### EXERCISE INSTRUCTIONS
Write out every record below exactly as given. Leave the pictures out.

### DATASET EXTRACT
=== Section Start ===

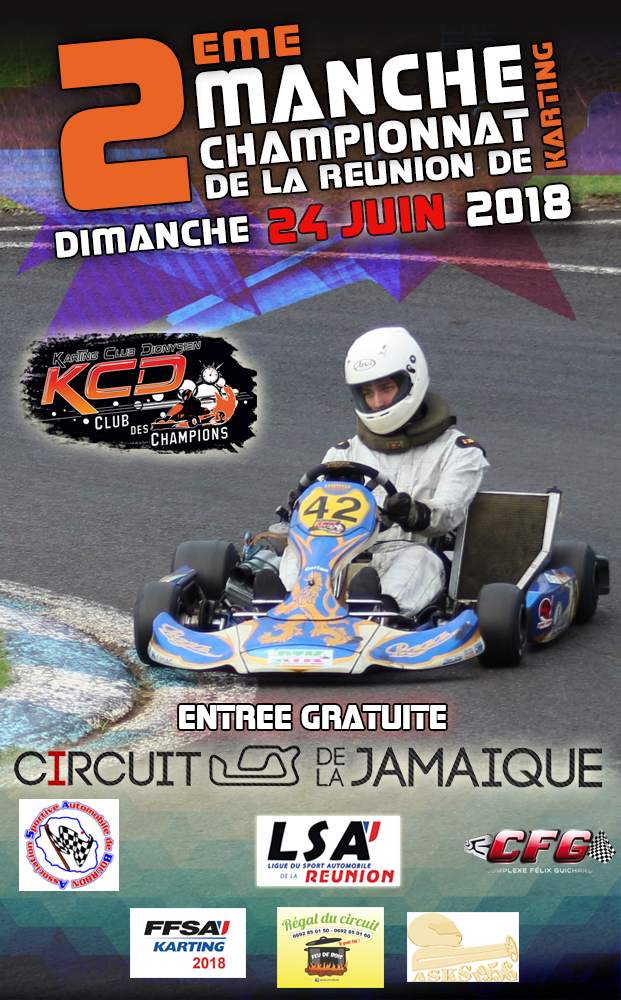 Karting : Feuille d’Engagement Course du 24/06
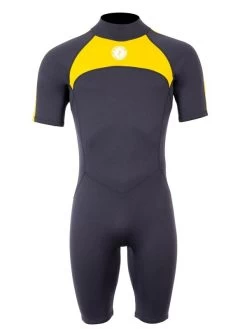 Two Bare Feet Flare 2.5mm Mens Superstretch Shorty Wetsuit (Yellow)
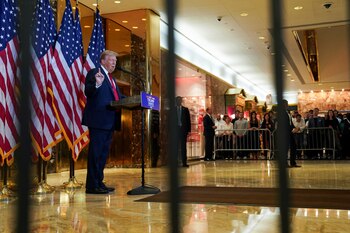 Donald Trump dijo que se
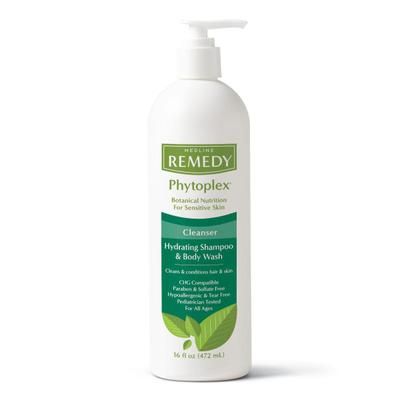 Medline Remedy Phytoplex Vanilla Hydrating Cleansing Gel, 16 Oz, Case Of 12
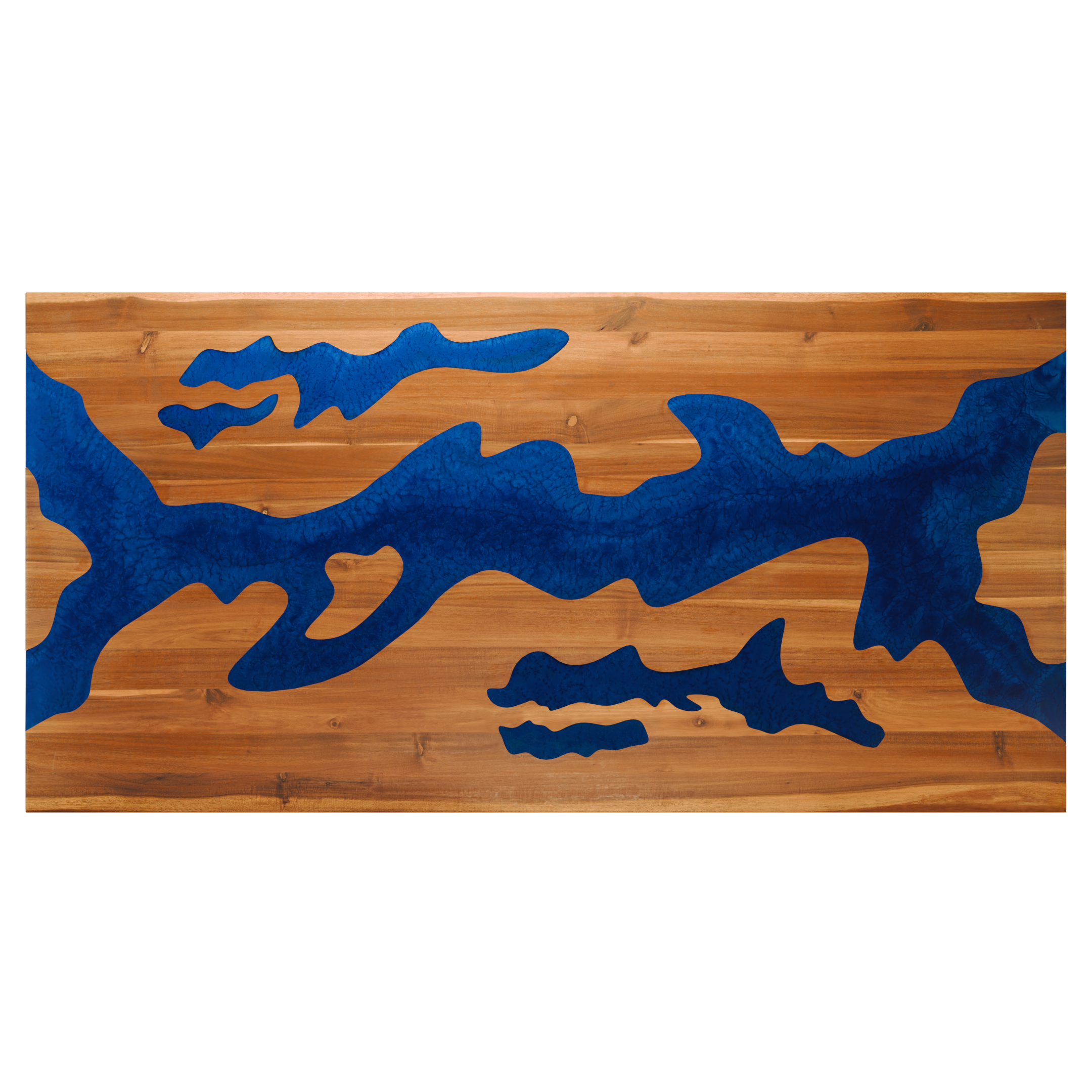 72" x 38" Artisan Epoxy Resin Table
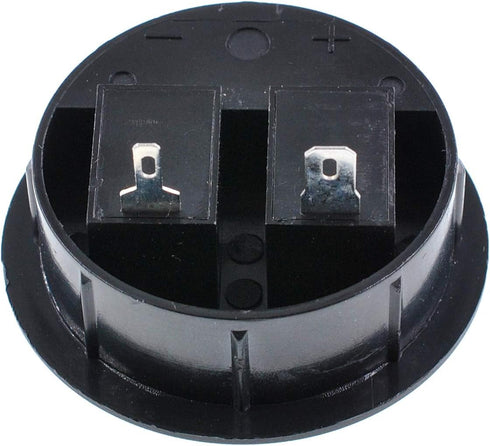 Oiyagai 5 Pack Round Speaker Terminal Cup, Spring-Loaded Binding Post 2-Pin Push Connectors for DIY Speaker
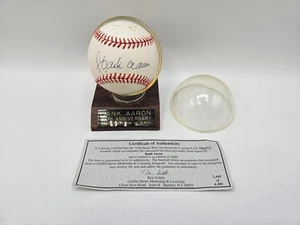 🌟 HANK AARON AUTO handsignierter Baseball Goldin Sports COA 715 HR 25th Ann #/4400 - Bild 1 von 8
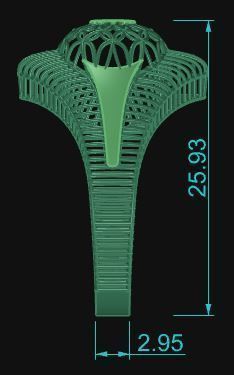 Ultra Vision Ring 583 3D print model_6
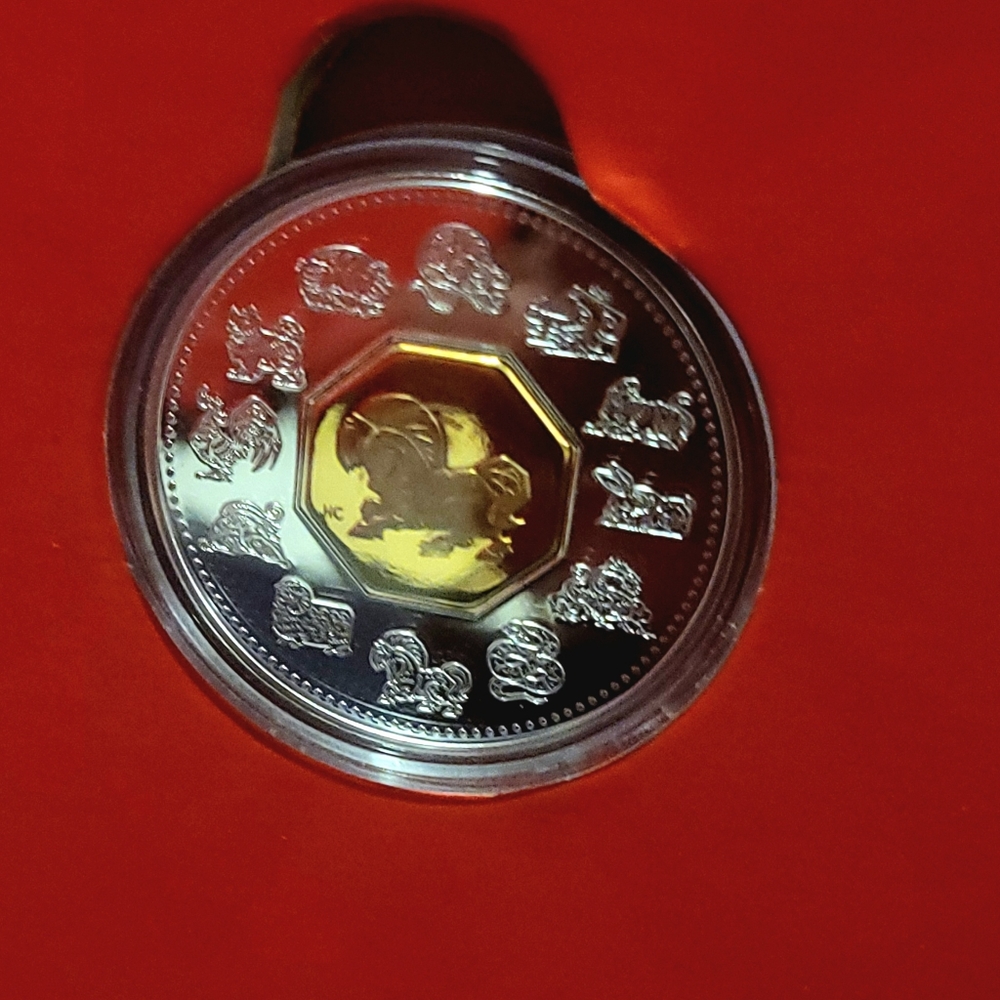 Year of the horse silver coin and stamp collection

=== Section End ===

### RESULT OF THE TASK
 Karting : Feuille d’Engagement Course du 24/06
 Two Bare Feet Flare 2.5mm Mens Superstretch Shorty Wetsuit (Yellow)
 Donald Trump dijo que se
 Medline Remedy Phytoplex Vanilla Hydrating Cleansing Gel, 16 Oz, Case Of 12
 72" x 38" Artisan Epoxy Resin Table
 Oiyagai 5 Pack Round Speaker Terminal Cup, Spring-Loaded Binding Post 2-Pin Push Connectors for DIY Speaker
 🌟 HANK AARON AUTO handsignierter Baseball Goldin Sports COA 715 HR 25th Ann #/4400 - Bild 1 von 8
 Ultra Vision Ring 583 3D print model_6
 Year of the horse silver coin and stamp collection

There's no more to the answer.